▸ **Your assignment**: Write out again, exactly as they stand, the line that includes "Welcome to your" and all remaining lines of the entries.

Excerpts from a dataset
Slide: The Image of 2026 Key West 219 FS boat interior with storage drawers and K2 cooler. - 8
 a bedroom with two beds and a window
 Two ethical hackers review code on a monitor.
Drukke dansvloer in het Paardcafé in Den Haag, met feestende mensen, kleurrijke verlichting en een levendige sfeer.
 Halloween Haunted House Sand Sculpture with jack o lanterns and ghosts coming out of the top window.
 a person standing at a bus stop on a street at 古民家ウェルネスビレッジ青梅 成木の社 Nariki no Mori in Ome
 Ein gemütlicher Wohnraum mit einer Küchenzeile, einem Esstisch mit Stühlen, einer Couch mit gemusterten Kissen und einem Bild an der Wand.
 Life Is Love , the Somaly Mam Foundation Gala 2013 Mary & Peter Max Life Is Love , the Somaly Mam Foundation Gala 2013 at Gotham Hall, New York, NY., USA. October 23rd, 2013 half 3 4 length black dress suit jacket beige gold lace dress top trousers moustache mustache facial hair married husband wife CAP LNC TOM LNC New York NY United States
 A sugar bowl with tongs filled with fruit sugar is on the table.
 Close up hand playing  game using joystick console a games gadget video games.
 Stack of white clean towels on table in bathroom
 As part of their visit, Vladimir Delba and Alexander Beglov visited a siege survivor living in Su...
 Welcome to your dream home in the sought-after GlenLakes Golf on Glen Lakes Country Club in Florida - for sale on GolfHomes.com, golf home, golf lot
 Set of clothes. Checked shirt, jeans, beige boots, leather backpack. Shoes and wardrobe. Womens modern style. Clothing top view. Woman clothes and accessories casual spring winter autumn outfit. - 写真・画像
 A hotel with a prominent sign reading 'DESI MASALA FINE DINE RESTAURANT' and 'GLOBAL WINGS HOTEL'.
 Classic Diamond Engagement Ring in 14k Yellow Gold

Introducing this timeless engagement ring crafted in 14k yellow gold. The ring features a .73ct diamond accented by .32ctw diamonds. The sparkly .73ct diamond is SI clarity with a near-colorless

▸ **Solution to this problem**:
 Welcome to your dream home in the sought-after GlenLakes Golf on Glen Lakes Country Club in Florida - for sale on GolfHomes.com, golf home, golf lot
 Set of clothes. Checked shirt, jeans, beige boots, leather backpack. Shoes and wardrobe. Womens modern style. Clothing top view. Woman clothes and accessories casual spring winter autumn outfit. - 写真・画像
 A hotel with a prominent sign reading 'DESI MASALA FINE DINE RESTAURANT' and 'GLOBAL WINGS HOTEL'.
 Classic Diamond Engagement Ring in 14k Yellow Gold

Introducing this timeless engagement ring crafted in 14k yellow gold. The ring features a .73ct diamond accented by .32ctw diamonds. The sparkly .73ct diamond is SI clarity with a near-colorless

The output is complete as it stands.